Posted Jul 09, 2012 11:00 am CDT
Judge Richard Posner is a big fan of two conservative icons: President Ronald Reagan and economist Milton Friedman.
Posner owes his job on the Chicago-based 7th U.S. Circuit Court of Appeals to an appointment by Reagan. But he tells National Public Radio he’s becoming less enamored with the Republican Party.
Over the last 10 years, Posner said, there has been “a real deterioration in conservative thinking” that is leading people—himself included—to re-examine their own beliefs. “I’ve become less conservative since the Republican Party started becoming goofy,” he told NPR.
Posner told the network that conservative criticism of Chief Justice John G. Roberts Jr. could backfire. Roberts voted to uphold the health care law’s insurance mandate based on Congress’ power under the tax law; unidentified sources have told CBS News that Roberts switched his vote in the case.

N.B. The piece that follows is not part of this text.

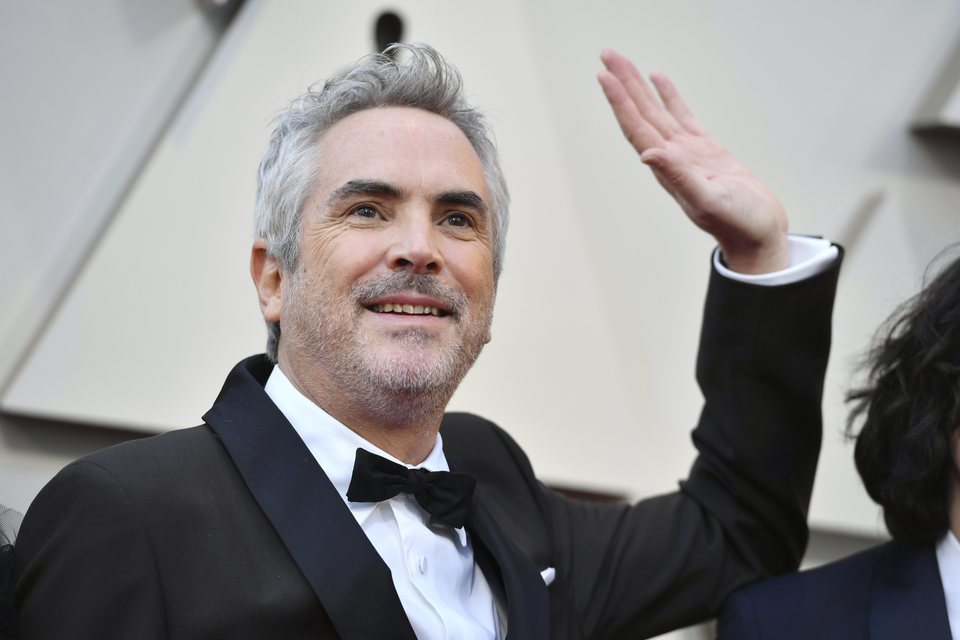 Alfonso Cuarón on the red carpet at the Oscars 2019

This is part of Posner’s comment: “What would you do if you were Roberts? All the sudden you find out that the people you thought were your friends have turned against you, they despise you, they mistreat you, they leak to the press. What do you do? Do you become more conservative? Or do you say, ‘What am I doing with this crowd of lunatics?’ “
Posner also spoke to Reuters in an interview that focused on patent law. Posner recently sat as a trial judge in a patent dispute between Apple and Motorola, dismissing the case after concluding neither side is entitled to an injunction or damages.
Posner told Reuters there has been “a proliferation of patents” and questioned whether they are really necessary in some industries. In software development, for example, innovations cost less and companies benefit from being the first to the market. “It’s not clear that we really need patents in most industries,” he said.
Posner had told litigants at the beginning of the Apple Motorola case that his tech devices show his neutrality, the Reuters story says. He used a court-issued BlackBerry but accepted an upgrade to an iPhone, which he uses only to check email and call his wife. “I’m not actually that interested in becoming part of the smartphone generation,” said Posner, who is 73.